Describing her Blue Blank items as “tangible oxymorons,” their wanton mix of soft with hard materials and motifs mirrors the pulsing tenor of Clara’s artistic output as a whole. Her work characteristically calls forth a tension between the ostensibly opposed sensibilities of cynicism and romanticism. I’m fascinated by the way her work is by turns flippant and meticulous in technique, echoing the way its emotional tone swings between a bleak misanthropy and an almost naive playfulness. Encapsulating two seemingly contradictory viewpoints into one bracing experience is the point of art, since “what it means to be human,” Clara comments, is to experience a “sort of unjustifiable logic with conflicting emotions.” So it's a messy sort of truth, and one, she says “that I really feel only art can frame.”
Can you tell me a little about your childhood and adolescence?
I spent the majority of my childhood trying to stay invisible, largely so that I could keep my doodles going. Most of the time these all had a grand storyline, probably a weak rendition of whatever cartoon I was watching at the time. I would continue the saga by incessantly drawing on any piece of paper I could find and this trail would eventually bleed its way onto the backs of textbooks; desks and chairs. Sometimes I drew repeatedly over a drawing on the same paper and all the lines would mingle into this big inky blob.
Adolescence was equally uneventful, except that I spent lot of money on CDs.
When did you first consciously decide to show your artwork in public? What makes you want to keep showing your work
I don’t really make art with exhibiting as an end goal in mind. Showing my work is only really a by-product. However, I would love to keep on making art because it actually keeps me stimulated and interested in what’s going on around the world.
When have you felt best about yourself as an artist?
When I knew how to stop myself while working on a piece. In other words, when I knew something was resolved enough that I could stop working on it and I was happy with the end result.
Who is an under-rated artist you admire? Why does this artist deserve more recognition than she or he currently gets?
I love Martin Kippenberger. I wish he was being shown more because I think his work is absolutely amazing.
Name an artist whose work you despise. What’s the worst thing about this artist’s work?
There isn’t one particular artist whose work I necessarily hate on, but I can’t stand this particular referential method that I’ve been noticing in a lot of contemporary art. It’s like, with enough poise and appropriate historical references to maintain its “relevance,” this kind of artwork relies on borrowing and rehashing iconographies of modernist art aesthetics (for example, Bauhaus; arte povera bordering on poor man’s DIY) for an instant gravitas.

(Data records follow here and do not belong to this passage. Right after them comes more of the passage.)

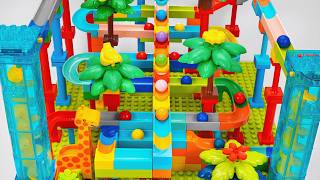 INSANE LEGO Duplo Marble Run ASMR 🌈 Tropical Track Madness | High Elevator Race & Mega Spiral Loop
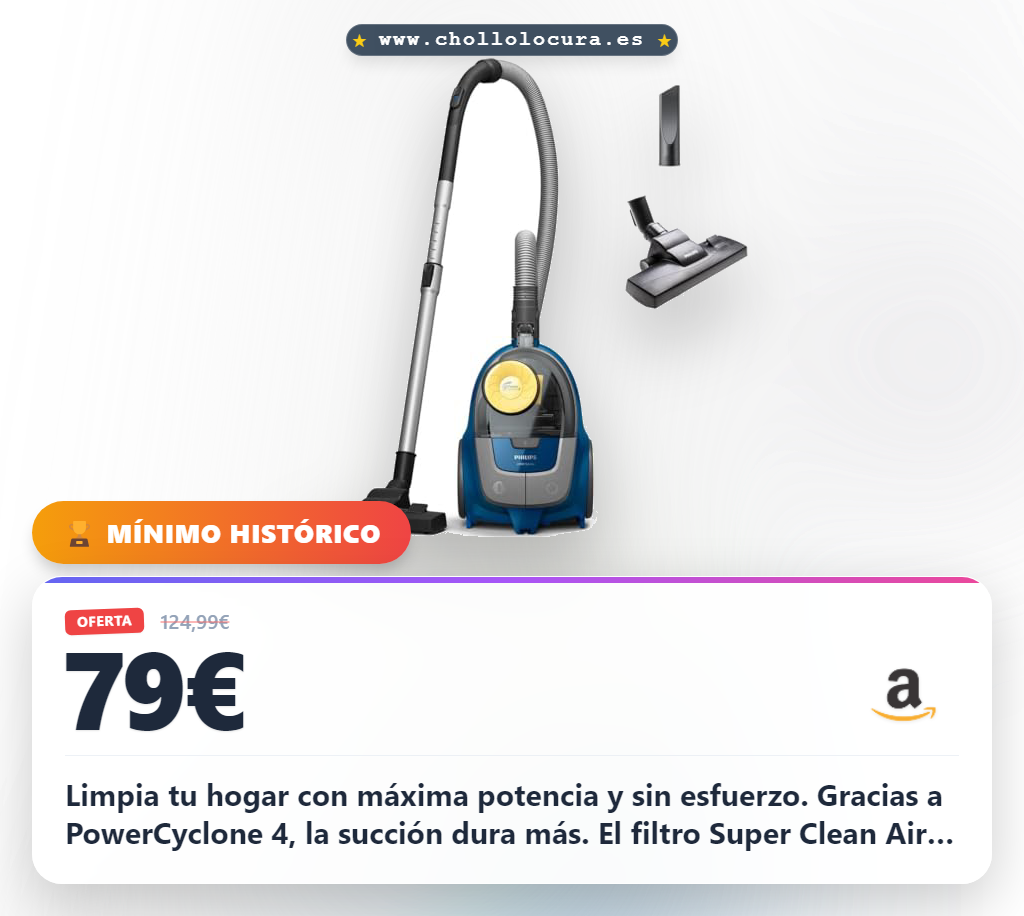 Logra la limpieza perfecta con aspiradora Philips Serie 2000, PowerCyclone 4 y filtro Super Clean Air en oferta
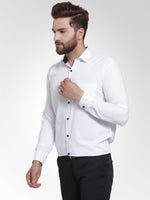 Thumbnail for Jainish White Formal Shirt with black detailing ( SF 411White ) - Distacart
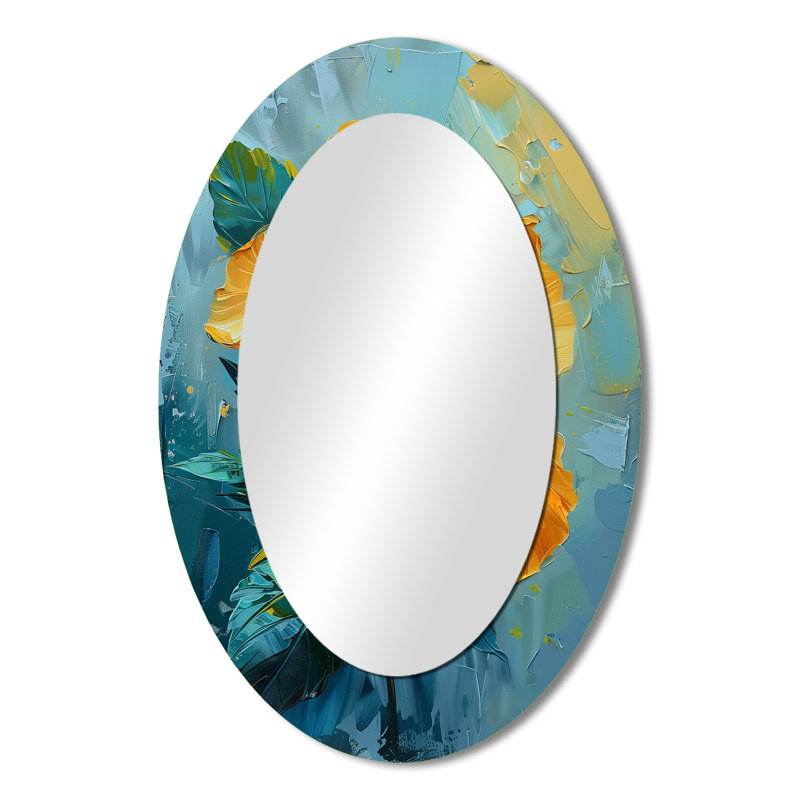 Décoration vibrante miroir hibiscus bleu et jaune - ovale jaune, 36 po x 24 po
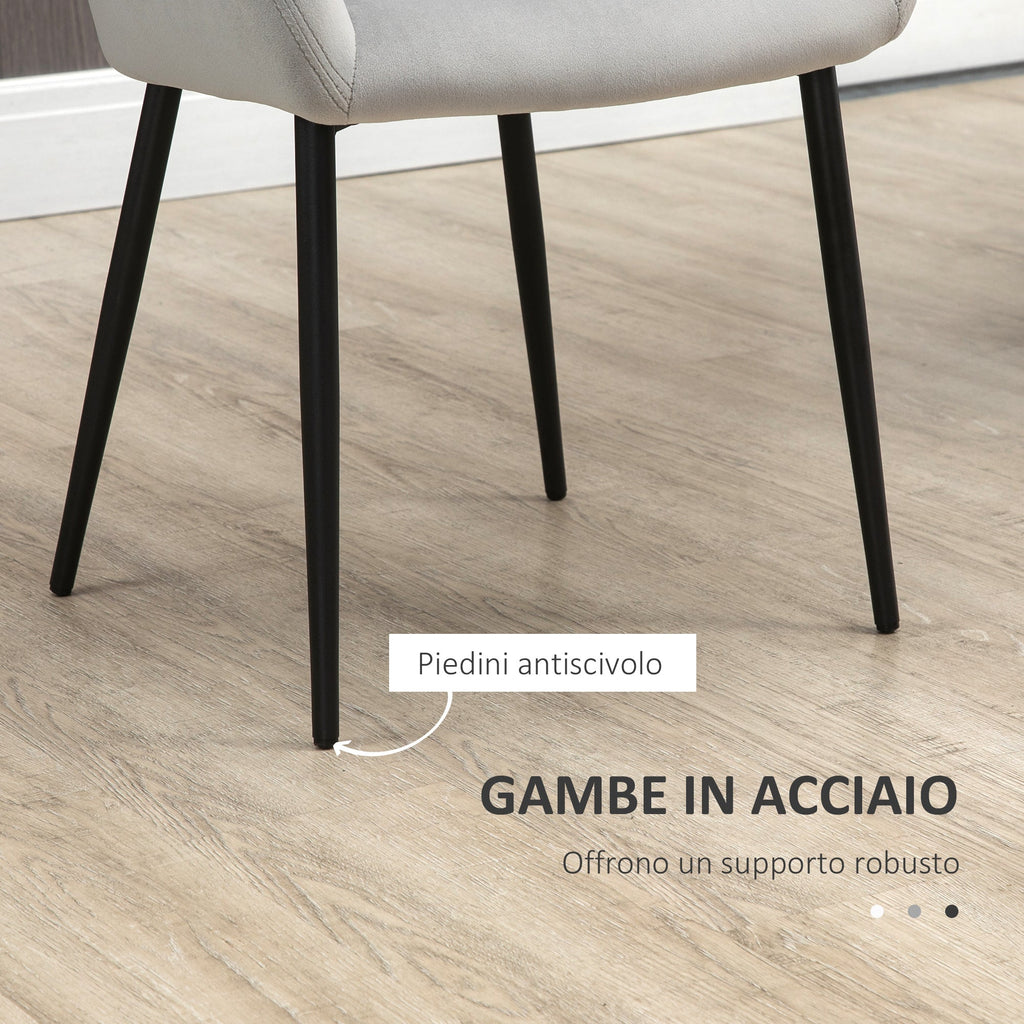 Easycomfort Set 2 Sedie per Soggiorno Nordiche with Schienale e Braccioli Ricurvi e Seduta Imbottita, 54x57x80 cm, Grigio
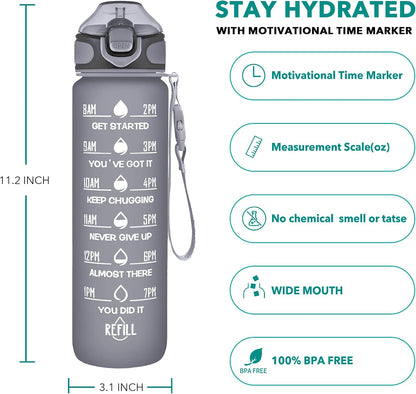 32 oz Drinking Water Bottle with Times to Drink and Straw, Motivational with Carrying Strap, Leakproof BPA & Toxic Free, Ensure You Drink Enough Water for Fitness Gym Outdoor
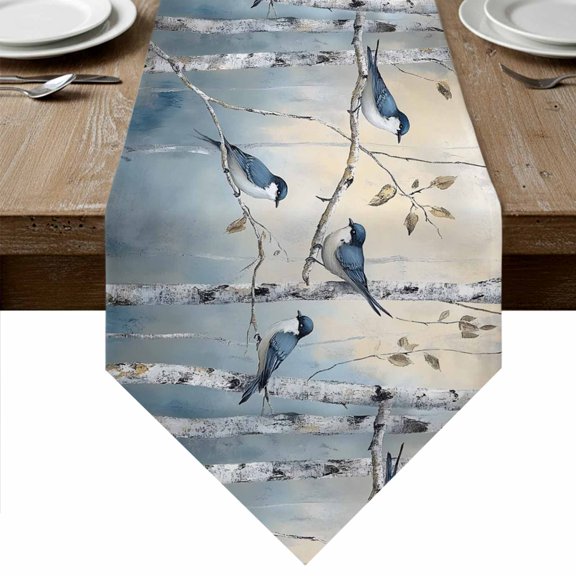 Tree Birds Table Runner Linen Burlap Table Runner 36 Inches Small Spring Forest Oil Painting Modern Animal Dresser Scarves for Kitchen Island Coffee Dining Party Wedding Banquet Holiday Decor 13"x36"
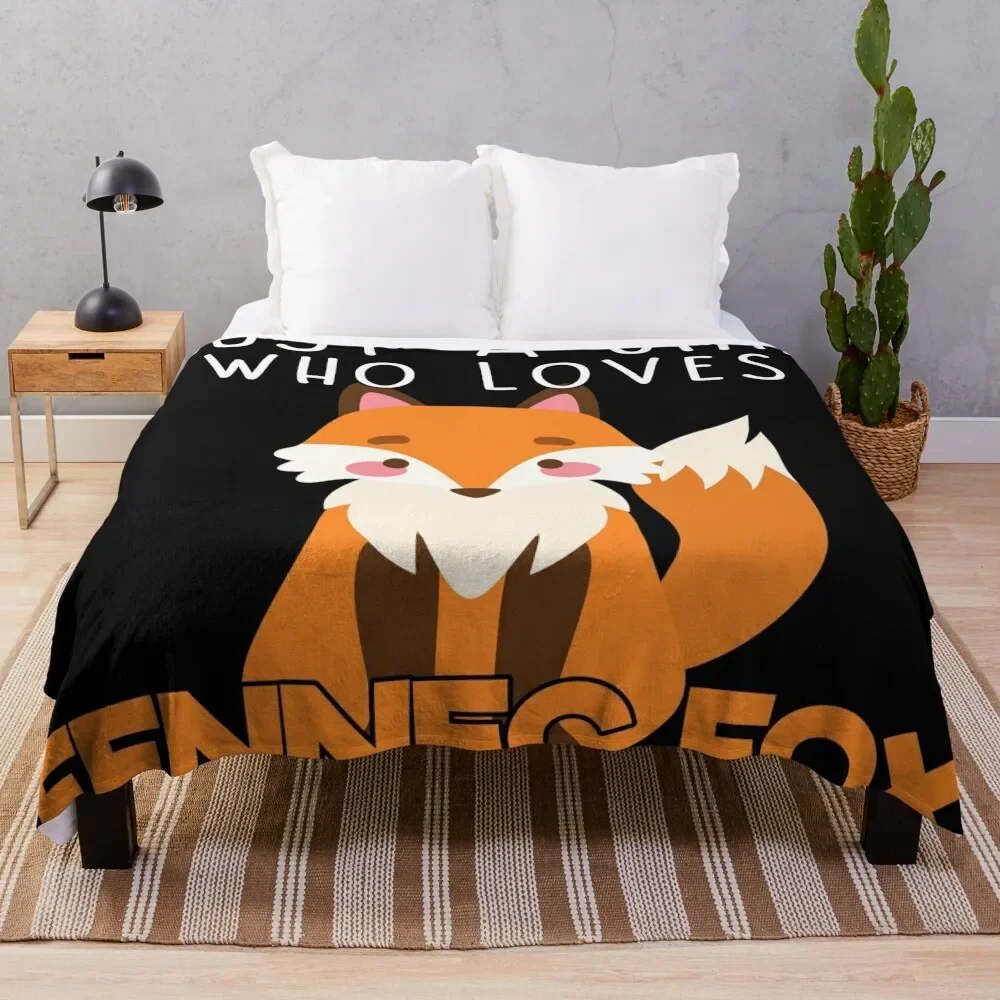 JUST A GIRL WHO LOVES FENNEC FOX Throw Blanket warm winter funny gift Vintage Blankets
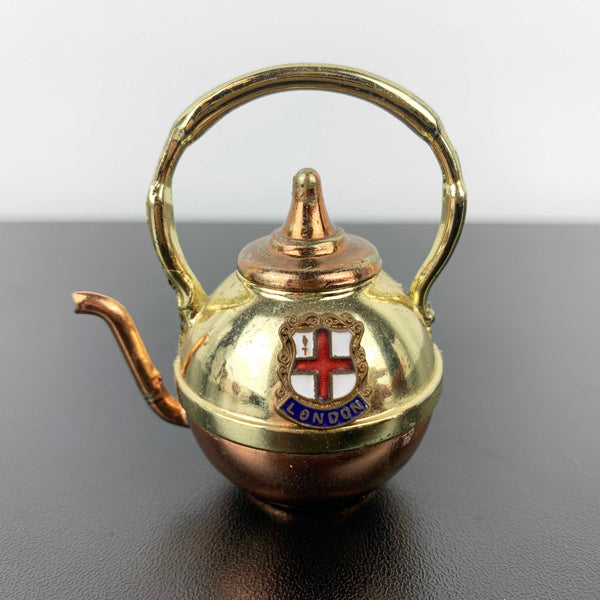 Miniature London souvenir brass teapot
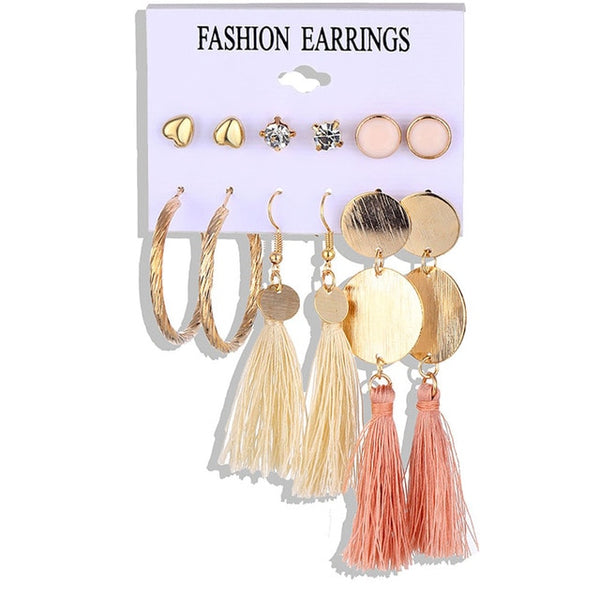 FAMSHIN Tassel Acrylic Earrings For Women Bohemian Earrings Set Big Geometric Earring 2019 Brincos Female DIY Fashion Jewelry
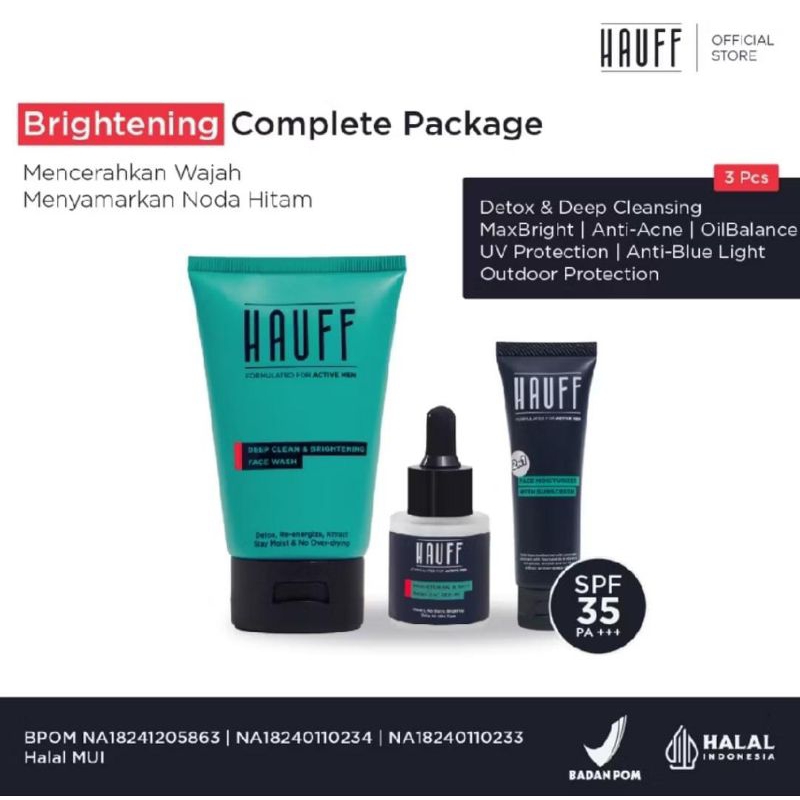 hauff brightening complete package | paket lengkap skincare cowok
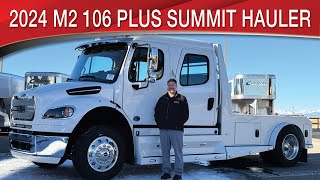 A preview image of the linked video showcasing 2024 Freightliner M2 106 Plus Summit Hauler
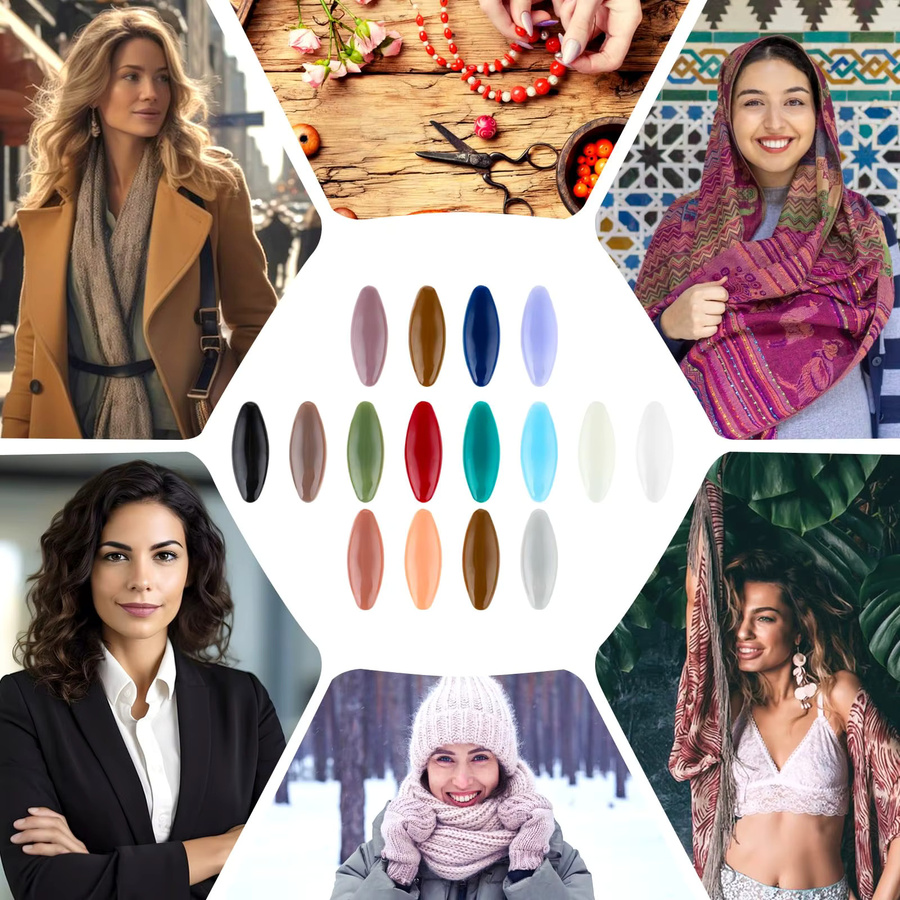 8-teiliges Hijab-Nadelset, Broschennadeln, Kunststoffabdeckung - Bild 4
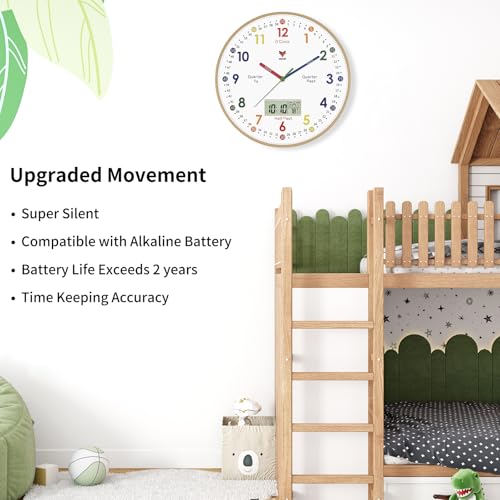 Foxtop Digital and Analog Learning Clock for Kids - Telling Time Teaching Clock 12 Inch Silent Non-Ticking Battery Operated Kids Wall Clock for Playroom Nursery Classroom School - color: Wood Color, size: 12 Inch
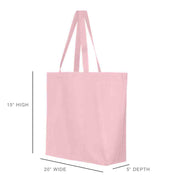 Tote bag sizing chart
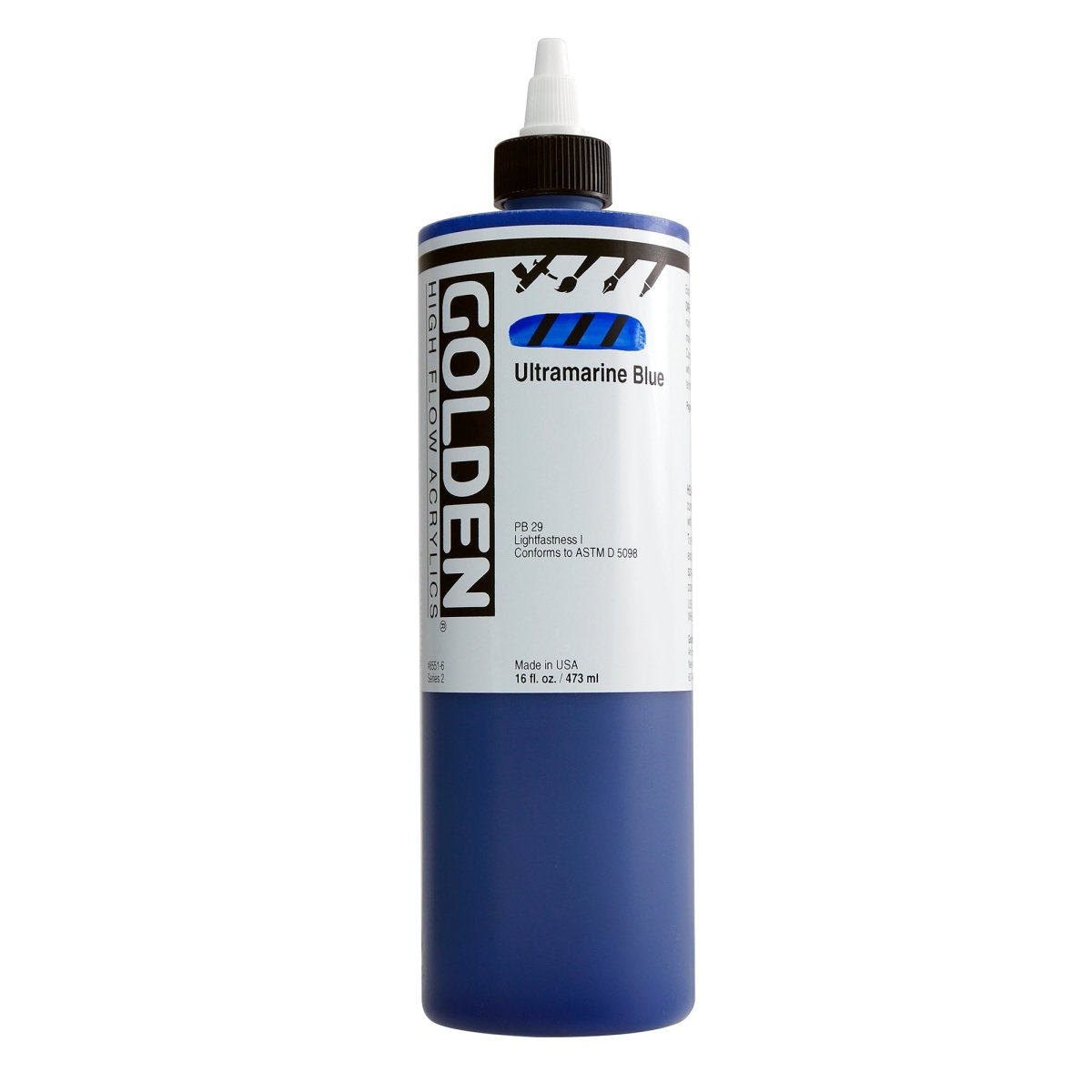 Golden High Flow Acrylic Ultramarine Blue 16 oz - The Merri Artist - merriartist.com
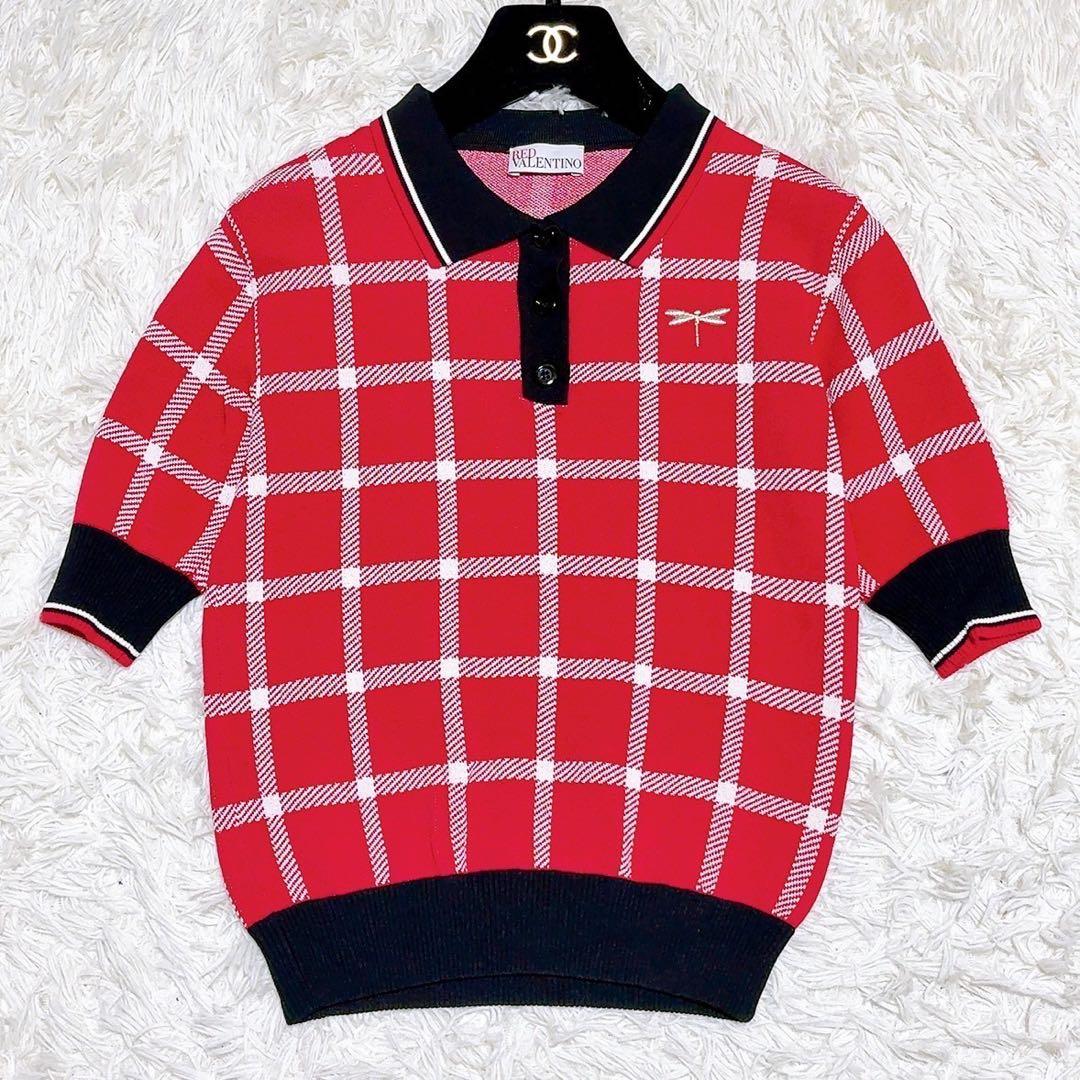 専用 極美品 レッドヴァレンティノニットポロシャツ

It doesn’t seem to say much apart from its self-explanatory stance that the past has been re-appropriated into the present, hence its anachronistic merit as a differing point of view on past history. I’ve actually used this method a lot myself as a last-minute resort and I always get away with it somehow. So there.
Can you name three historical figures that inspire you and tell me a little about what each of them means to you?
I like Nietzsche. I like that he was human and contradicted himself but each time he had something interesting to say. He is also an easy read.
I love Alexander Scriabin. I would love to have someone describe my work as being like a “bath of cocaine, ice and rainbows,” having that other-worldly, cosmic quality in something, so tactile, like music.
I thought really hard but I can’t think of a third, sorry.
What projects and/or shows are you working on over the next 12 months?
I started on a range of accessories last year and I plan on continuing with this, hopefully on a bigger scale.
I’ve just been in South Korea and felt inspired by the sheer insanity and painstakingly meticulous level of customer service there. Walk in to buy a pair of shoes and you’ll have a spineless best friend for five minutes. I think customer service is a bewildering, concomitant phenomenon of capitalism – all this bizzare, compassionate theatricality and emotional labour just for the sake of making a sale. I would love to push this idea and turn it into a project. Buy everything in a store and take it all back for a full refund.